法人設立ワンストップサービスは使えるか
- 法人設立ワンストップサービスはマイナポータルを窓口に、定款認証・設立登記・法人設立届出など税務関係約20種類・社会保険や労働保険の一部・GビズIDプライムアカウント発行をまとめて申請できる仕組み(freee公式解説)
- 対象は株式会社・合同会社で、代表者本人のマイナンバーカードとICカードリーダーまたはスマホが必須(freee公式解説)
- 助成金・補助金の申請、法人口座の開設、印鑑証明書の窓口受け取りは対象外(freee公式解説)

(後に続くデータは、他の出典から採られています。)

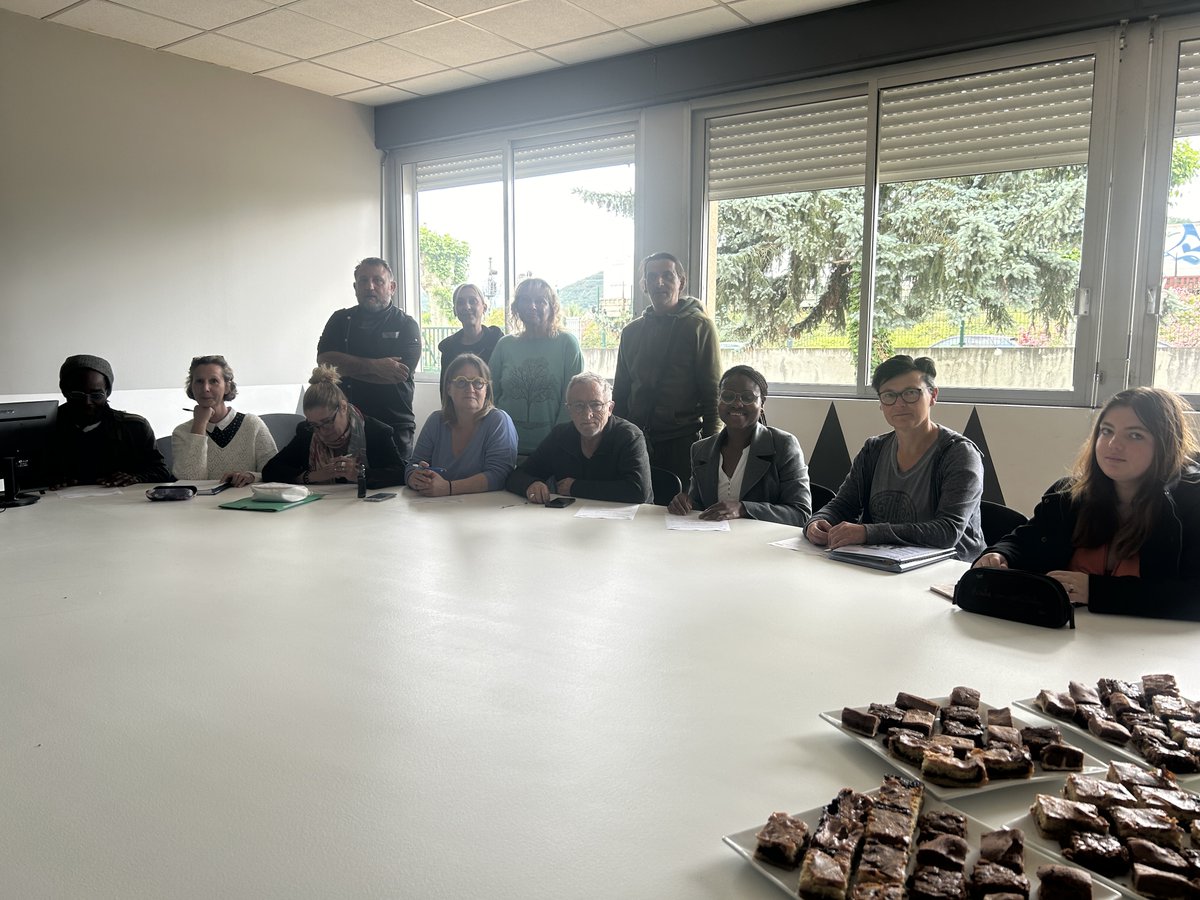 🏅 Bilan #JobChef à #SaintGaudens 
1⃣2⃣ candidat.e.s formé.e.s 💯 de réussite👍:
2⃣poursuivent sur un CAP cuisine
1⃣crée son entreprise
9⃣ en emploi pour la saison
👏pour ce résultat !
<a href="/GreneuxValerie/">Valérie Greneux</a>
<a href="/senat_annick/">annick sénat</a> 
<a href="/muriellehenry1/">Murielle HENRY</a> 
<a href="/Occitanie/">Région Occitanie</a> 
<a href="/UMIH_France/">UMIH</a>
<a href="/FTravail_OCC/">France Travail Occitanie</a>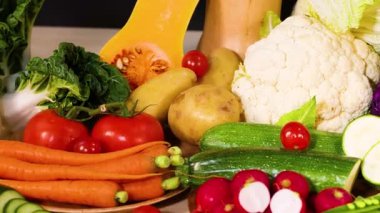 Siyah arka planda çeşitli sebzeler.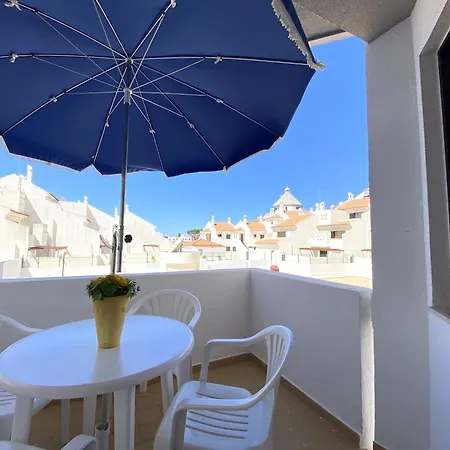 7 With Pool By Homing Apartment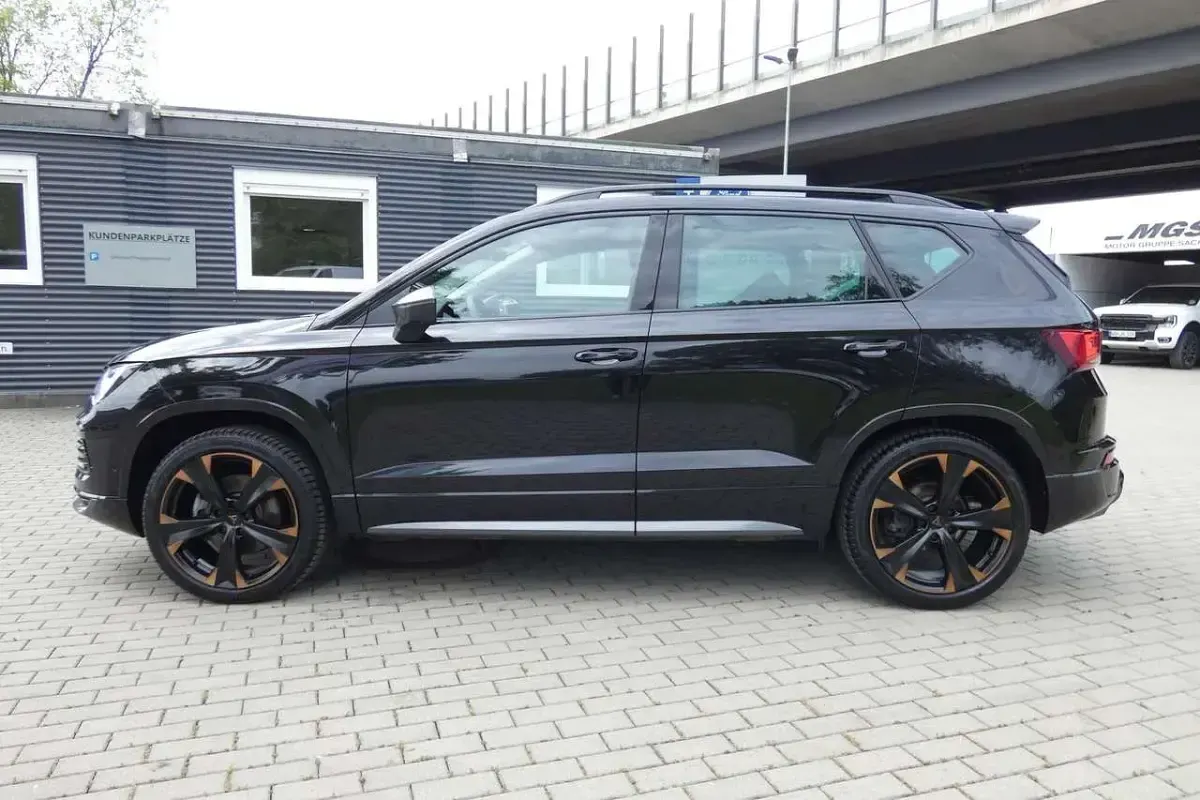 Używany Cupra Ateca 190 KM (139 kW) 2025 Czarny SUV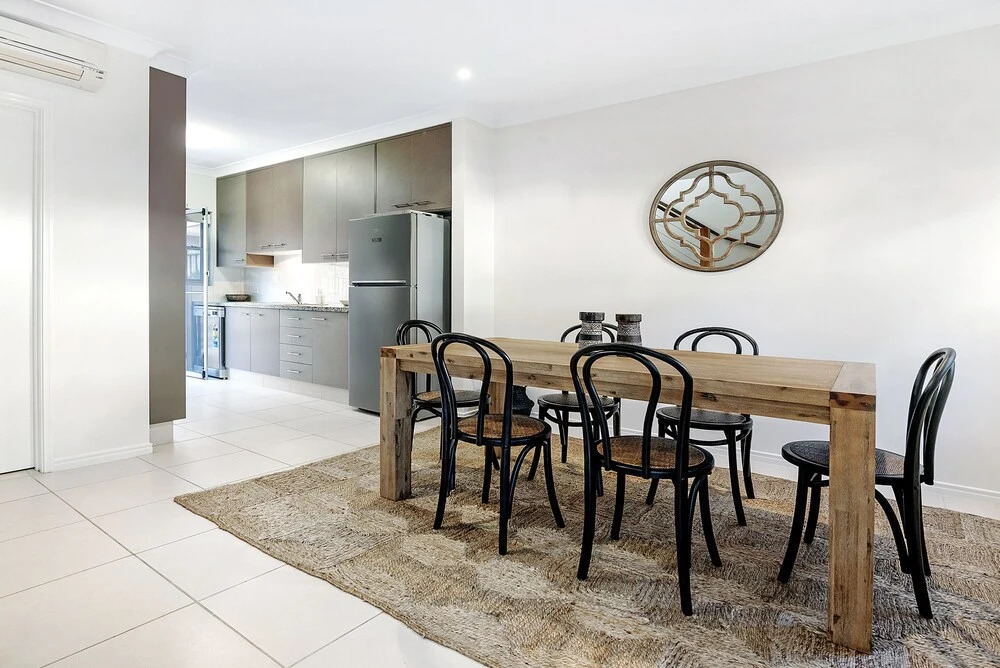 Broabdeach Sleek & Stylish Living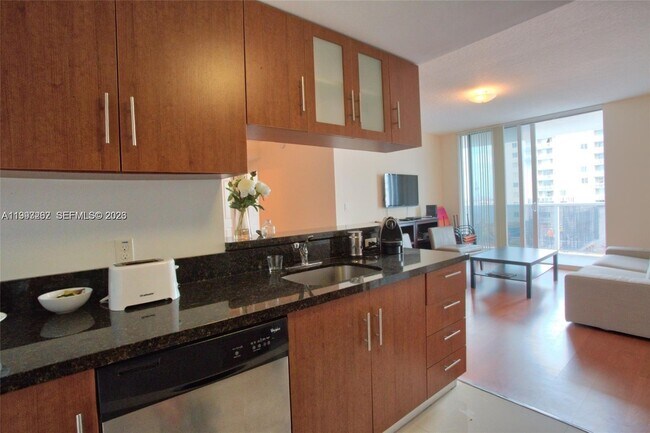 Building Photo - 601 NE 23rd St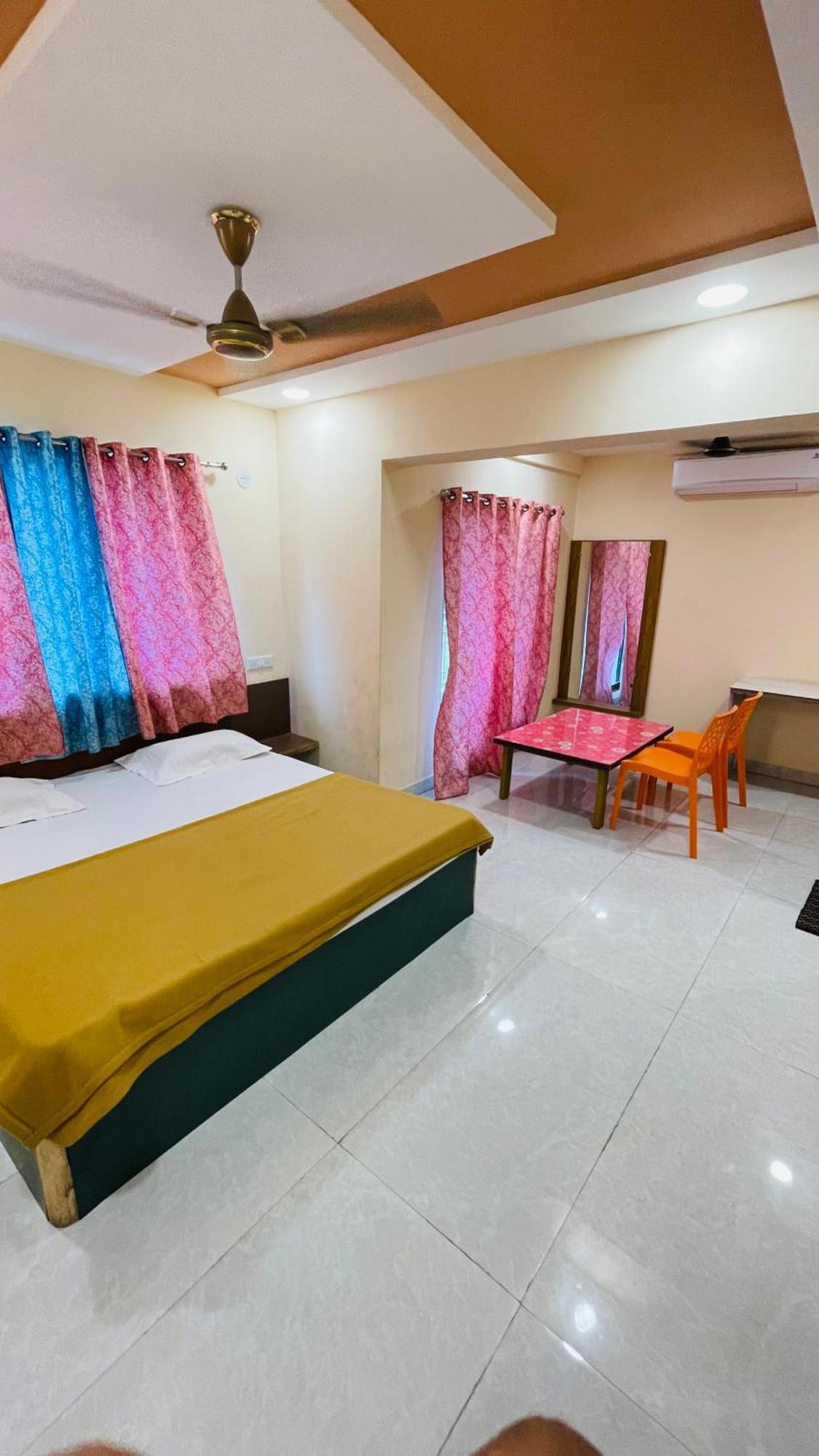 Hotel Devka House Daman Exteriér fotografie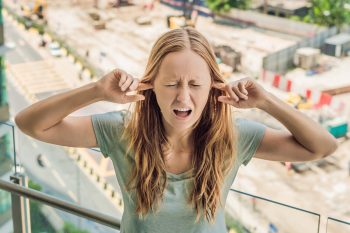 Zgomotul urban crește riscul demenței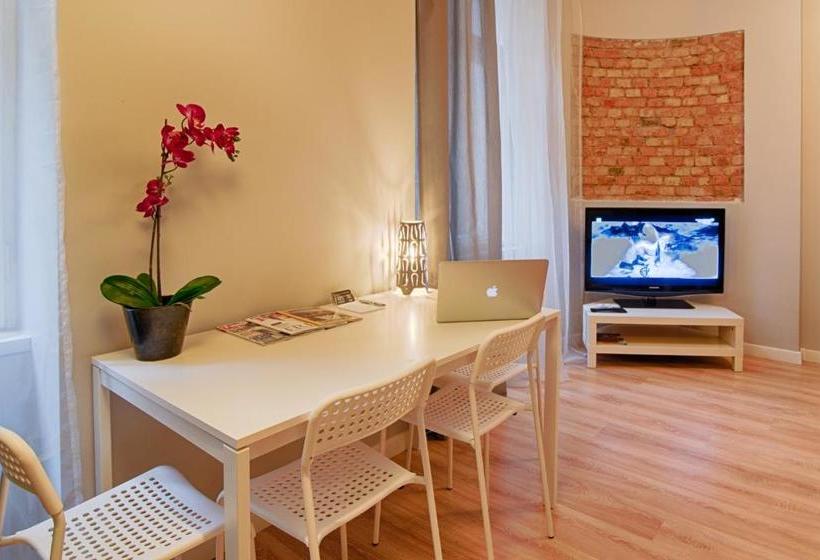 هتل Apartments Old Town 1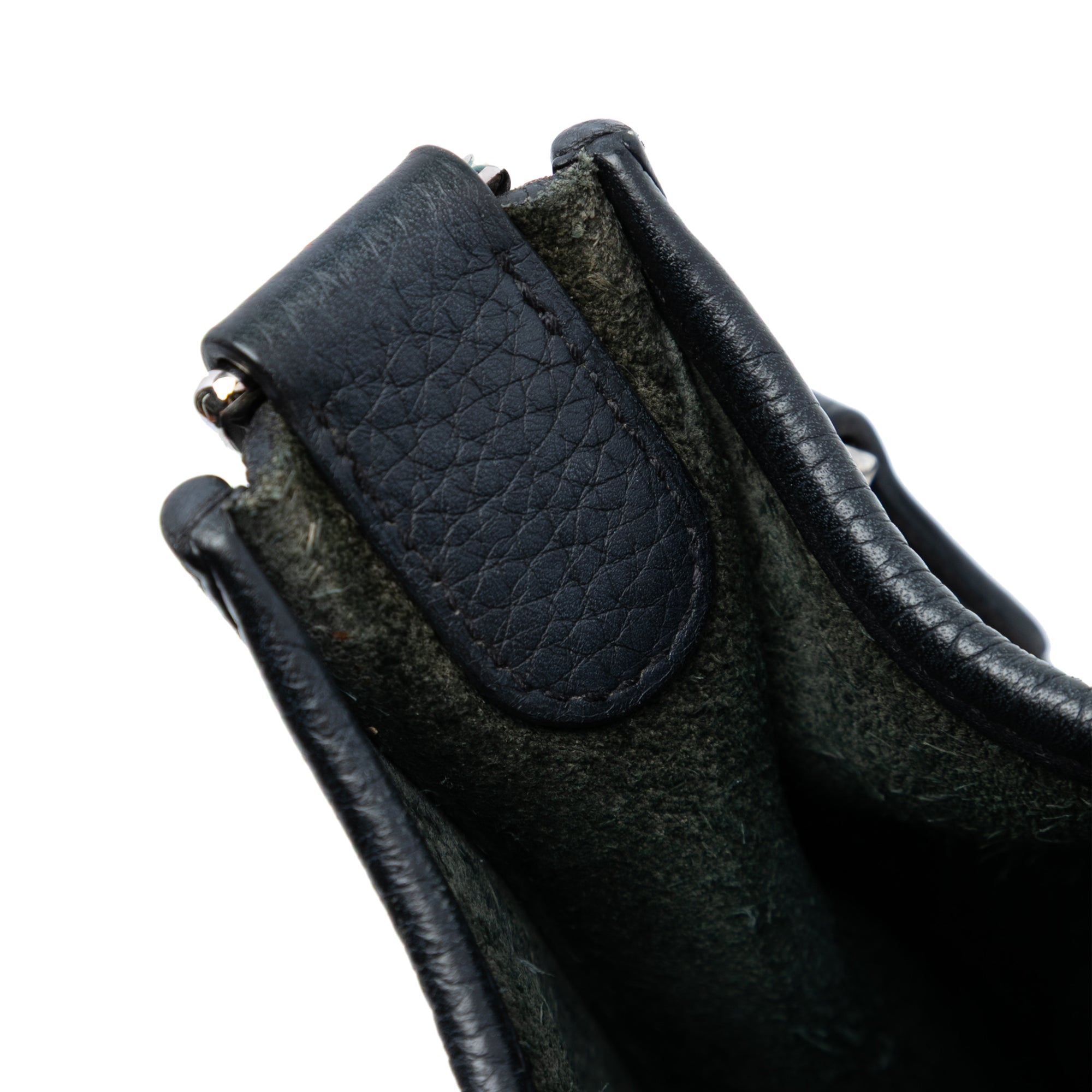 Clemence Evelyne III 29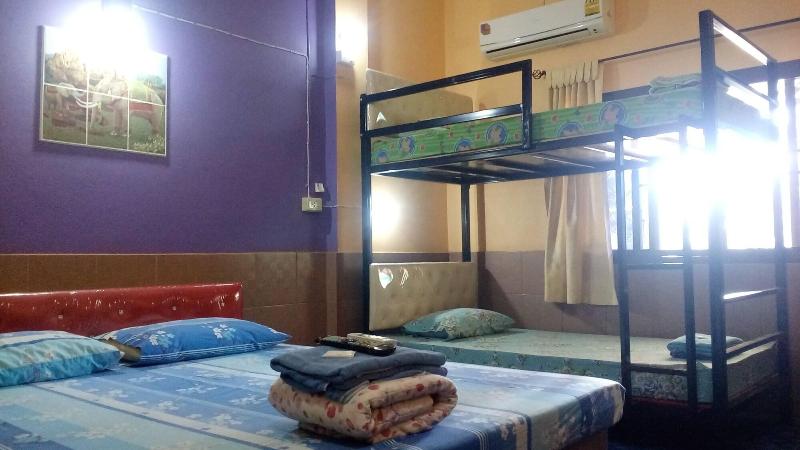 Rueangsri  Siri Guesthouse - Oda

- 電子定款を単独で先に済ませると一括申請の流れに乗れない、登記・供託オンライン申請システムがWindows専用の場面がある、健康保険の被保険者資格取得届や被扶養者異動届はe-Govの別申請が必要という3つの落とし穴がある(株式会社NewBeginnings公式ブログ)
- 合同会社には会社法575条により定款認証の規定がなく、定款認証と登記を同時に出す一括申請のメリットはそもそも生じない
この記事の内容
この記事は、会社設立の手続きを自分で進めようとしていて、「法人設立ワンストップサービス」というマイナポータルの仕組みを見つけたものの、実際にどこまでの手続きがまとまるのか分からず判断できずにいる人に向けて書いています。 結論から言うと、このサービスは定款認証・設立登記・税務署や自治体への届出・社会保険と労働保険の一部・GビズIDの発行を1つの窓口からまとめて申請できる仕組みですが、書類そのものを作ってくれるわけでも、法人口座を開いてくれるわけでもありません。以下、対応している範囲と、使う前に知っておくべき限界を整理します。
- 「ワンストップ」と聞いて、設立に関するすべての手続きがこれ1つで終わると思っていたが、本当にそうなのか確認したい
- 株式会社と合同会社で対象や使い方が変わるのか分からない
- マイナンバーカードがあれば誰でもすぐ使えるのか、事前に何を揃えておけばいいのか知りたい
結論:届出はまとまるが、書類作成と口座開設は対象外
法人設立ワンストップサービスは、マイナポータルを窓口として、法務局・税務署・自治体・年金事務所・労働基準監督署など複数の機関に別々に出していた届出を、1回の入力でまとめて申請できる仕組みです(freee公式解説)。定款認証・設立登記の申請から、法人設立届出書や青色申告承認申請書などの税務関係書類、健康保険・厚生年金保険の新規適用届、GビズIDプライムアカウントの発行までが対象に含まれます。ただし、対応しているのは「出す」部分だけです。 定款の中身を考えて作成する作業、法人口座の開設審査、助成金・補助金の申請、印鑑証明書の窓口受け取りはこのサービスの範囲外で、別途自分で対応する必要があります(freee公式解説)。「ワンストップ」という名前から、設立にまつわる作業全部が1つで終わると誤解しないことが最初のポイントです。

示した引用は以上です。